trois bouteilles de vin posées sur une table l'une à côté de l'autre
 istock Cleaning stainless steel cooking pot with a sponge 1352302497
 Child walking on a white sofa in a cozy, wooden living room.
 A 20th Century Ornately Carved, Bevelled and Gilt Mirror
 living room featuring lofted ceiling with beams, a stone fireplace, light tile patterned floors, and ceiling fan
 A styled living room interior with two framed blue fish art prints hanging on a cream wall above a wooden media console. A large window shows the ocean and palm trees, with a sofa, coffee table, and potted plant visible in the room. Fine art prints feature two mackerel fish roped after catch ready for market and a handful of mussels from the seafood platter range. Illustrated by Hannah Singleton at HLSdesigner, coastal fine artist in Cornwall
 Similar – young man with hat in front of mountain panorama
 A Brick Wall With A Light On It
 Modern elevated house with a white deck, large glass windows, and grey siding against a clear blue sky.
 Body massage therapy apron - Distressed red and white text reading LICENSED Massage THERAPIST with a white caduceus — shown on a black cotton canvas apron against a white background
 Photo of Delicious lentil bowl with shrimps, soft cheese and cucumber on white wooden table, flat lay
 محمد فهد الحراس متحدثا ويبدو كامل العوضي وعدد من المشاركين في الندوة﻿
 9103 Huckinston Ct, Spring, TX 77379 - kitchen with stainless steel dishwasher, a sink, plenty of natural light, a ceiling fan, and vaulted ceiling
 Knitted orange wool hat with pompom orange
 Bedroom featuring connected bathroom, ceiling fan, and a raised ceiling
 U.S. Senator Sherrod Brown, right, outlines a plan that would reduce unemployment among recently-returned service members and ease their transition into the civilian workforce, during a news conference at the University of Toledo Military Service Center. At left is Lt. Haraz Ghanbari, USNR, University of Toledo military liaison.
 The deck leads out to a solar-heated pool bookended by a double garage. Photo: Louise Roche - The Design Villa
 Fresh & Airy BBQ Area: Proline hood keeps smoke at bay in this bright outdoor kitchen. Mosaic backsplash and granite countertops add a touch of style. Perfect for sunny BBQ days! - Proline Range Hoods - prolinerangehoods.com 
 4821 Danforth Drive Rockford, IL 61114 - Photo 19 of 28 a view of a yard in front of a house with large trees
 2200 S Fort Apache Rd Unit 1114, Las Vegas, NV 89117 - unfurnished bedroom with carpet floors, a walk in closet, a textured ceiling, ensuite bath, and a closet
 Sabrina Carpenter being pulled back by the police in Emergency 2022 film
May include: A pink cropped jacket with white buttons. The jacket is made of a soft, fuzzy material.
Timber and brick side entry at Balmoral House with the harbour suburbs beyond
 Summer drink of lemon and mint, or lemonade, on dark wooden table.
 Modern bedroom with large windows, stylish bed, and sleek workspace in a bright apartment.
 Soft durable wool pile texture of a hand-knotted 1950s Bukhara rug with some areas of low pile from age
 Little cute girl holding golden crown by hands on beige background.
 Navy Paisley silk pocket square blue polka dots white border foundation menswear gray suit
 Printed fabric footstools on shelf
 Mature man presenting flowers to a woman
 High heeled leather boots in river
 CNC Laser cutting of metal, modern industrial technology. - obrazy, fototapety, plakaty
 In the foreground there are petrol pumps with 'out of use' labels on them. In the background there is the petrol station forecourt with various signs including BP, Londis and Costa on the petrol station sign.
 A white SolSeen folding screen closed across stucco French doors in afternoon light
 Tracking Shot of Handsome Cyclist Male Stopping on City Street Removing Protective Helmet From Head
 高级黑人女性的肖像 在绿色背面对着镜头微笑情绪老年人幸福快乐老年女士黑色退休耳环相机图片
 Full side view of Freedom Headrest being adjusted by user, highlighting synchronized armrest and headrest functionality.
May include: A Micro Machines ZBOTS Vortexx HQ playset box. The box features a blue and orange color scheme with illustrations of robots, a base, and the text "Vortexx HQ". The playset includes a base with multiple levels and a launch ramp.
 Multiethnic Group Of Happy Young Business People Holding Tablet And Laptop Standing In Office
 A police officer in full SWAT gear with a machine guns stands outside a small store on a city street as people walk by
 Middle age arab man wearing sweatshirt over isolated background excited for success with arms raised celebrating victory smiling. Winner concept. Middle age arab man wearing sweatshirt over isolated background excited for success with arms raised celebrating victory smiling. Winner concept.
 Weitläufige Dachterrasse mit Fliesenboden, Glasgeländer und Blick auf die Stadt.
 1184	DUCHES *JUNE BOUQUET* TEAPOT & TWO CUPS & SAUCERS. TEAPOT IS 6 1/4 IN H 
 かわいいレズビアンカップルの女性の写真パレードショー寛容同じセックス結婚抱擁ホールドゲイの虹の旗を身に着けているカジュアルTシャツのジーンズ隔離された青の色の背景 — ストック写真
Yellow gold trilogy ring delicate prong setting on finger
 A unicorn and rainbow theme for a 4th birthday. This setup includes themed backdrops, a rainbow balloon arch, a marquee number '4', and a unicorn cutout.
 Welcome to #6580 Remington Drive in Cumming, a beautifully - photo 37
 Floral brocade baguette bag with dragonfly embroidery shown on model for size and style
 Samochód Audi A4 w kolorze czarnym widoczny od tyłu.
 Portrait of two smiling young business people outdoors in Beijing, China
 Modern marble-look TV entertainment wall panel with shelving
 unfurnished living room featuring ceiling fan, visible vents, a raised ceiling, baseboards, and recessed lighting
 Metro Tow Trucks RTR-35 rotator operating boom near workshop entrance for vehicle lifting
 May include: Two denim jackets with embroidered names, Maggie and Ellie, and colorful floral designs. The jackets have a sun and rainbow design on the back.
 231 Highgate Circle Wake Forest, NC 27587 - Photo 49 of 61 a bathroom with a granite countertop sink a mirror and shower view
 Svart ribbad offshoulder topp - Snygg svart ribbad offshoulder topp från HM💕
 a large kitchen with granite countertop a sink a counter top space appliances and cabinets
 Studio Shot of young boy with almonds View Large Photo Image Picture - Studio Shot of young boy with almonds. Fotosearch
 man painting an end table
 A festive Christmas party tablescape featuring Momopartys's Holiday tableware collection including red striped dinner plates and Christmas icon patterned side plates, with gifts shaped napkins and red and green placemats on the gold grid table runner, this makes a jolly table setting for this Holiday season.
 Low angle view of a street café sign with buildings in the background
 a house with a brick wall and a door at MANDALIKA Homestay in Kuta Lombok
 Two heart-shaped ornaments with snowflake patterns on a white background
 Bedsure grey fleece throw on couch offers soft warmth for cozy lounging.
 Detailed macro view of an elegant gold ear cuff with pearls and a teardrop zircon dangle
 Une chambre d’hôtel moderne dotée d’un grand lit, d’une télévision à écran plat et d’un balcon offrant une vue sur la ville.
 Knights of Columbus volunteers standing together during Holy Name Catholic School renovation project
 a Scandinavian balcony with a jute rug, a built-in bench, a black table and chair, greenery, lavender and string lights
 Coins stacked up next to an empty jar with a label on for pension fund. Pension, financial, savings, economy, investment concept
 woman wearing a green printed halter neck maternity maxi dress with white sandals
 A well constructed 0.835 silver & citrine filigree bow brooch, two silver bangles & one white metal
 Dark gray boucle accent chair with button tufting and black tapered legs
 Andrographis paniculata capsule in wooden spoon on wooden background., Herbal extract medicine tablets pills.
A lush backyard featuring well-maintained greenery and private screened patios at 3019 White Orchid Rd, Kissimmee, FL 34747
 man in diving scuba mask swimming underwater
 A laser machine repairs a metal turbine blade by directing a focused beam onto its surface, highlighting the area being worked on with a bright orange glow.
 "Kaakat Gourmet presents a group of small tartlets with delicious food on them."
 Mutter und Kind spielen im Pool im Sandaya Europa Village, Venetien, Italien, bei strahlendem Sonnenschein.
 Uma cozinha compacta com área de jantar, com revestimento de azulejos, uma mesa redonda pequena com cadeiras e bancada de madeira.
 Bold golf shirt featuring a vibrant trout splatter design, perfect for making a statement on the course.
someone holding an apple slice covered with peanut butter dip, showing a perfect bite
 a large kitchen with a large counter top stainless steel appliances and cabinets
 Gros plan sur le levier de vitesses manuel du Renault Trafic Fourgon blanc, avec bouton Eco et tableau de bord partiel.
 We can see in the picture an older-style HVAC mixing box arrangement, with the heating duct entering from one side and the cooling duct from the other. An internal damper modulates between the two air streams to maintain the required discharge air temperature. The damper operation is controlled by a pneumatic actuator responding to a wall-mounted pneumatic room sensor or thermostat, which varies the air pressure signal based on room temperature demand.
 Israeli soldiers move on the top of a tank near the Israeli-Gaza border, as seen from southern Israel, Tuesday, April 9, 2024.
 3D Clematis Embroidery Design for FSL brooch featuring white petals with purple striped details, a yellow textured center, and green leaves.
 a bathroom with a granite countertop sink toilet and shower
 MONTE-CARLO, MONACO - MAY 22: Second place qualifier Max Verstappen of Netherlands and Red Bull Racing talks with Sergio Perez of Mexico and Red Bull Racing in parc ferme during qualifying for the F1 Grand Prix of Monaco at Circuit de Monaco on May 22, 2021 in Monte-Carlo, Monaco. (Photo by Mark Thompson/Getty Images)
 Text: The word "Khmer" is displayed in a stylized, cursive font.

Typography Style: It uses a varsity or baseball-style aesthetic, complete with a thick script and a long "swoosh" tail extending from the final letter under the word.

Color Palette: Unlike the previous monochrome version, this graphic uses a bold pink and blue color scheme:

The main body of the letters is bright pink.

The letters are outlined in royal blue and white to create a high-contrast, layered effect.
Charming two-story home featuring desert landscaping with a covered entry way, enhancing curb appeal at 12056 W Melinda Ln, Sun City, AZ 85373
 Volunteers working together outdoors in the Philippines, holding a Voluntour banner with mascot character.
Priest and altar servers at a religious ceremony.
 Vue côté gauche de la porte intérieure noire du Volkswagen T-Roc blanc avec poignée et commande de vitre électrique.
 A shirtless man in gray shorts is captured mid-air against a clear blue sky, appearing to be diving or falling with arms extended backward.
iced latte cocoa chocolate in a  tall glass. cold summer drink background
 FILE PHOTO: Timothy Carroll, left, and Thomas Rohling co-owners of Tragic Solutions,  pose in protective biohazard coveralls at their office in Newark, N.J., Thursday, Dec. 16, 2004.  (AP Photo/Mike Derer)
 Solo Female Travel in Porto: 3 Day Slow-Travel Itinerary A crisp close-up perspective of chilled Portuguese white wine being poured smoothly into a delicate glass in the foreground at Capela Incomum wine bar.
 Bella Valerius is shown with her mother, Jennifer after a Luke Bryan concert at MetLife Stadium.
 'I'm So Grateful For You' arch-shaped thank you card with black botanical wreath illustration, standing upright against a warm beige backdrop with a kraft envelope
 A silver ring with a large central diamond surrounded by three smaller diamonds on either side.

#### Exercise details:
An exact, complete copy of the lines above from the one with "The letters are" through the one with "Priest and altar" is the whole answer.

#### Response to this task:
The letters are outlined in royal blue and white to create a high-contrast, layered effect.
Charming two-story home featuring desert landscaping with a covered entry way, enhancing curb appeal at 12056 W Melinda Ln, Sun City, AZ 85373
 Volunteers working together outdoors in the Philippines, holding a Voluntour banner with mascot character.
Priest and altar servers at a religious ceremony.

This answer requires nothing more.